Begin at the line below that has "U23 Việt Nam". Stop after the line that has "up to 512GB", repeating each line exactly and leaving out the pictures.

▸ **RECORDED INFORMATION**
++++++++

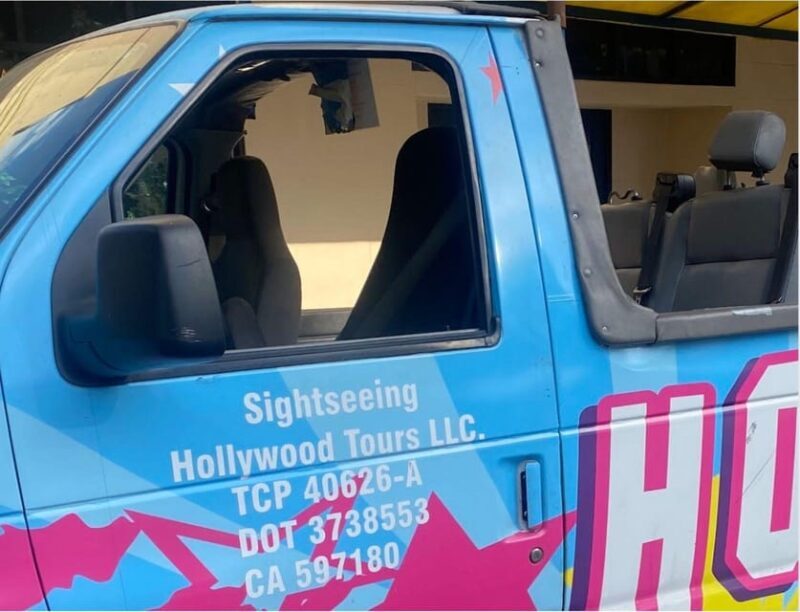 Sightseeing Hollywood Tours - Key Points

++++++++

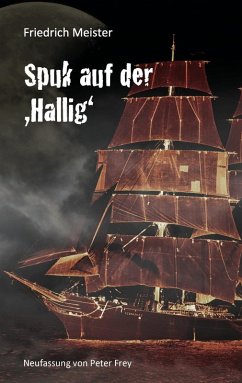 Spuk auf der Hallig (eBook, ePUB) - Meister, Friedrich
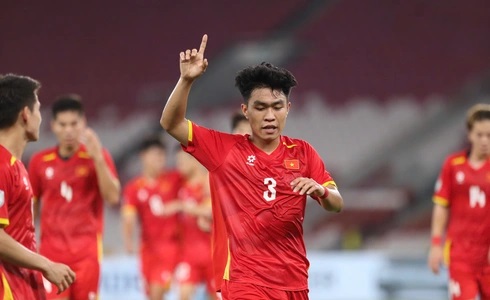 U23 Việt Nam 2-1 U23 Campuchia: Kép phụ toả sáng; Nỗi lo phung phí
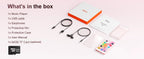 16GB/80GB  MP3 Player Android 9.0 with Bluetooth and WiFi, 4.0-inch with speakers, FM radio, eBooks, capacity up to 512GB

++++++++

▸ **RESPONSE TO THE EXERCISE**
 U23 Việt Nam 2-1 U23 Campuchia: Kép phụ toả sáng; Nỗi lo phung phí
 16GB/80GB  MP3 Player Android 9.0 with Bluetooth and WiFi, 4.0-inch with speakers, FM radio, eBooks, capacity up to 512GB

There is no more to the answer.